▶ PROBLEM TO SOLVE
Exact copies of all the lines below are wanted, without a single picture.
(DATASET EXTRACT)
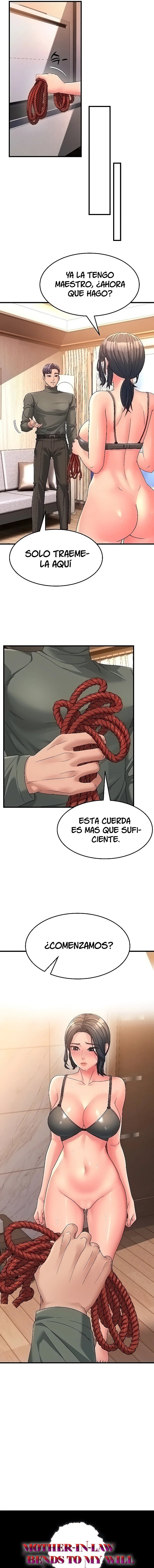 Mi suegra se somete a mi voluntad Capítulo 6 - Página 6
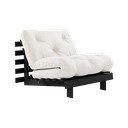 Krem fotelja Roots Black Night – Karup Design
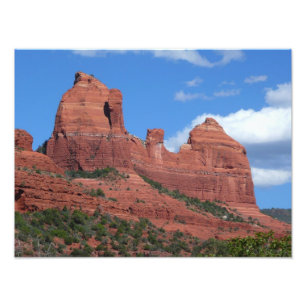 Eagle Rock I Sedona Arizona Photographie de voyage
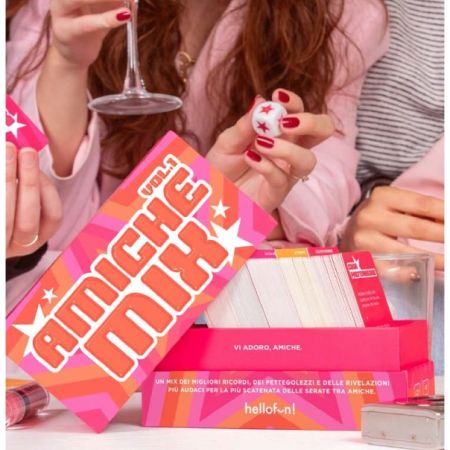 gioco in scatola amiche mix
(End DATASET EXTRACT)
▶ WORKED SOLUTION
 Mi suegra se somete a mi voluntad Capítulo 6 - Página 6
 Krem fotelja Roots Black Night – Karup Design
 Eagle Rock I Sedona Arizona Photographie de voyage
 gioco in scatola amiche mix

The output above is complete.